◆ **WHAT YOU HAVE TO DO**:
The whole listing, please: repeat it exactly, with the pictures left out.

◆ **DATA BELOW**:

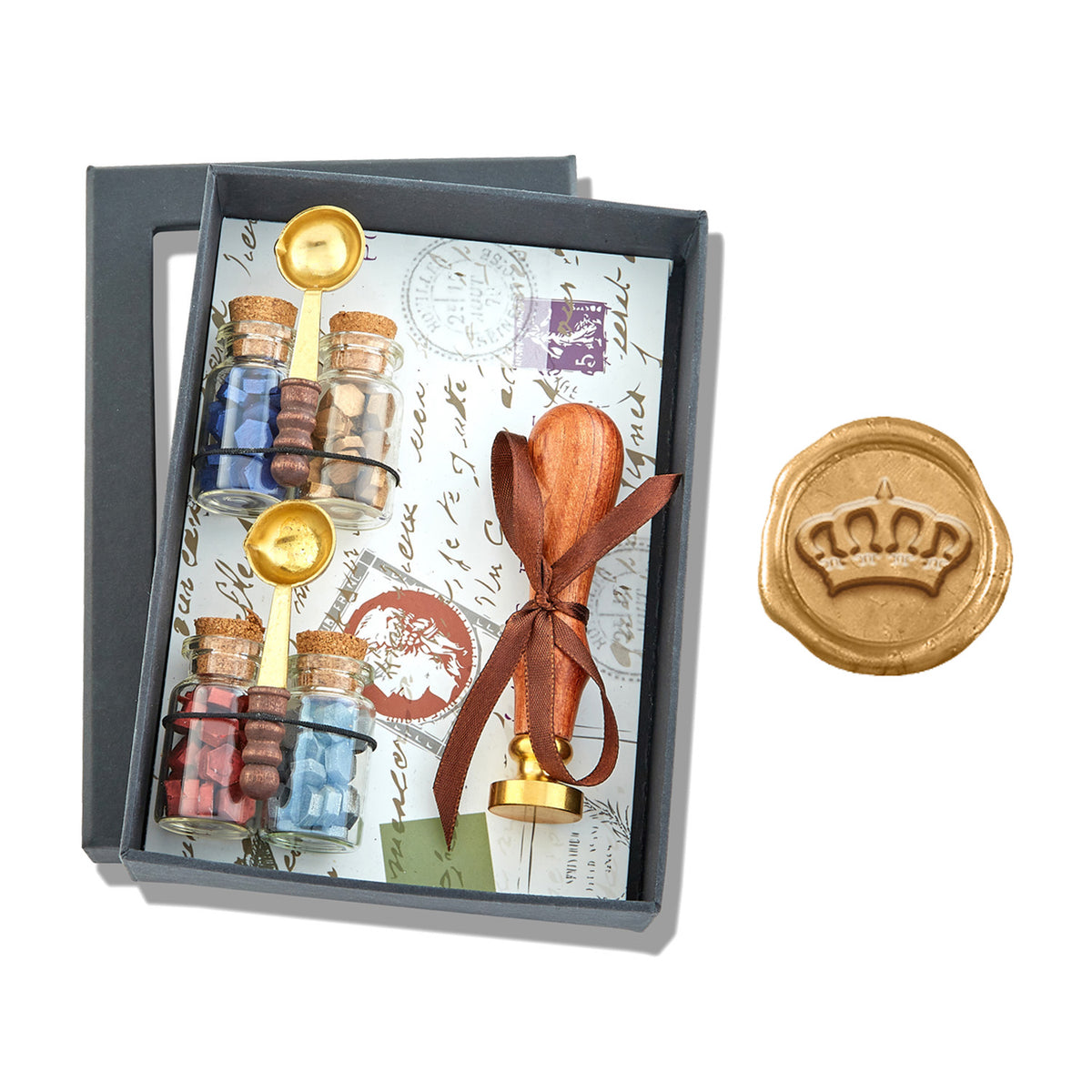 Bead Wax Seal Kit with Bead Wax, Spoons and Wax Seal Stamp - Nostalgic Impressions
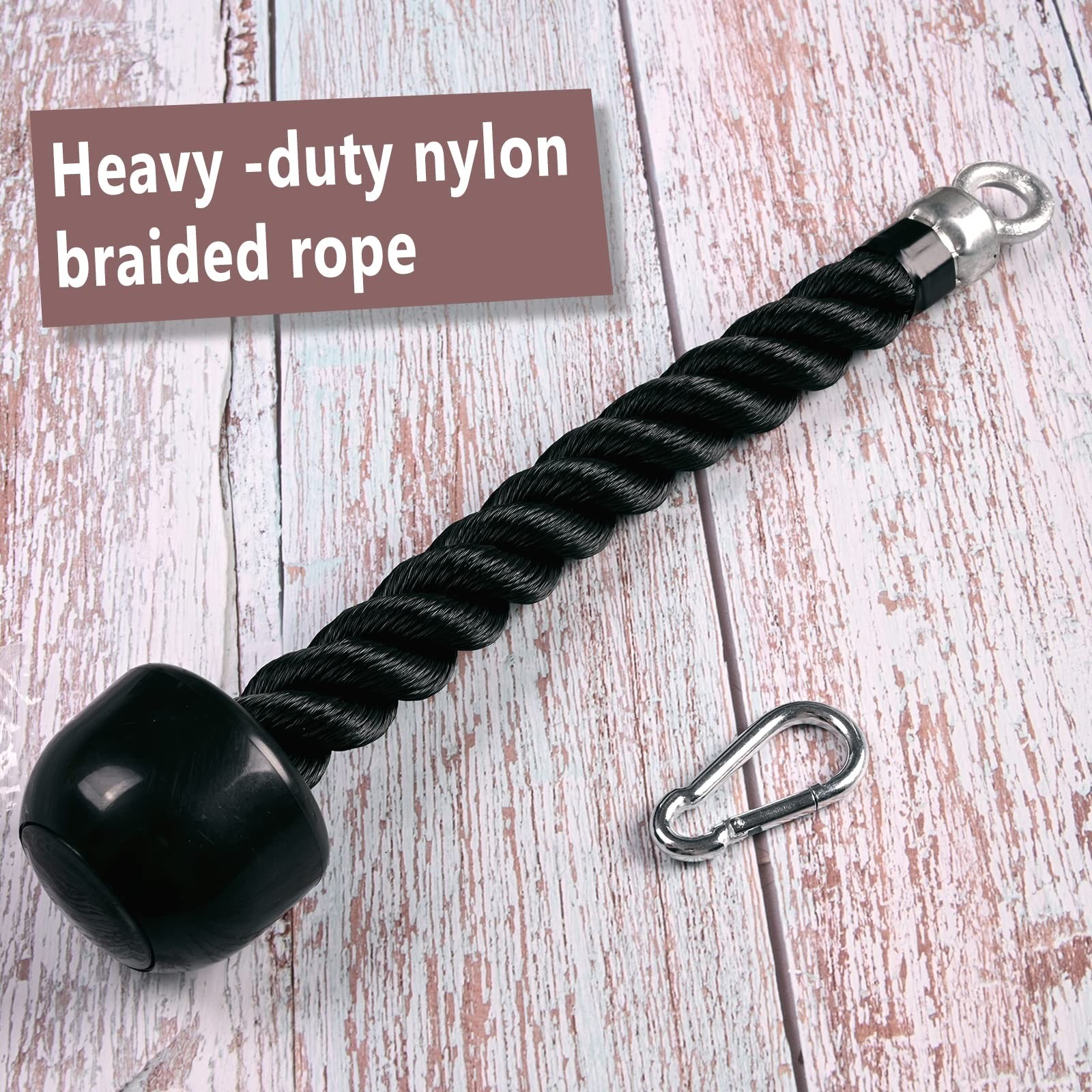 Pull Down Tricep Rope Kit, Non Slip Cable Attachment for Gym Face Pulls, 2 Hook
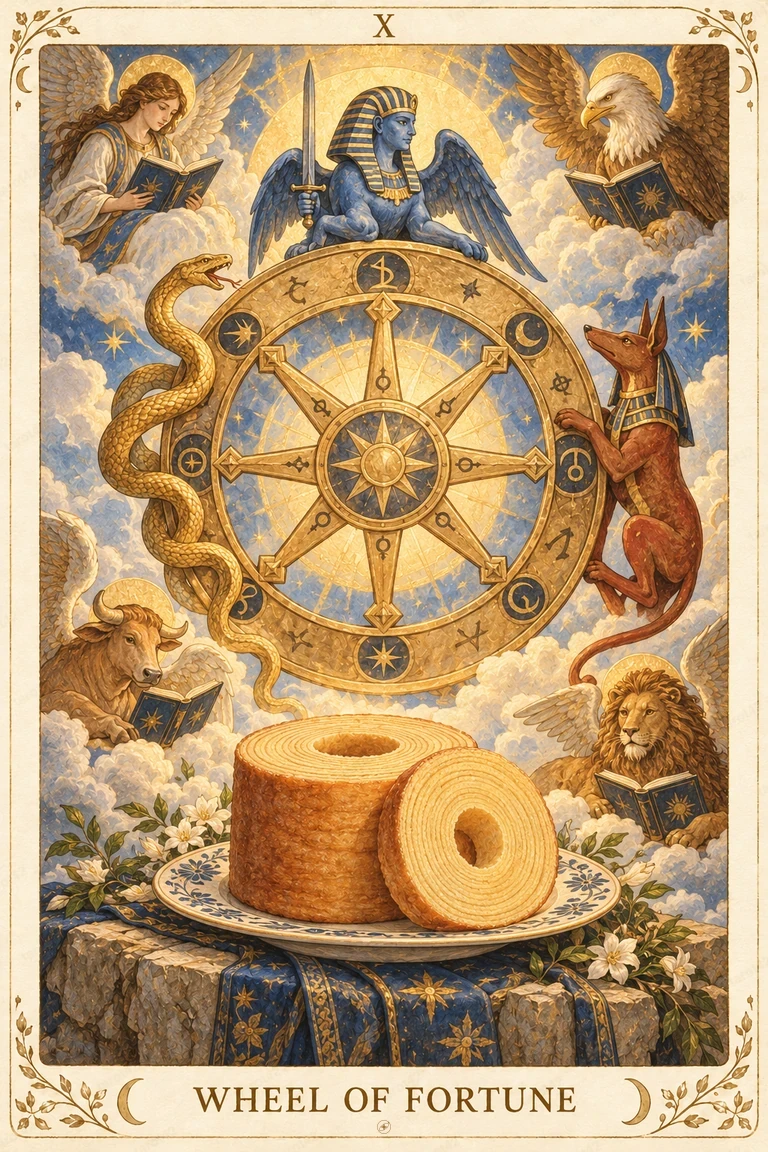 Wheel of Fortune · Tarot42 Food Tarot illustration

◆ **RESULT BELOW**:
 Bead Wax Seal Kit with Bead Wax, Spoons and Wax Seal Stamp - Nostalgic Impressions
 Pull Down Tricep Rope Kit, Non Slip Cable Attachment for Gym Face Pulls, 2 Hook
 Wheel of Fortune · Tarot42 Food Tarot illustration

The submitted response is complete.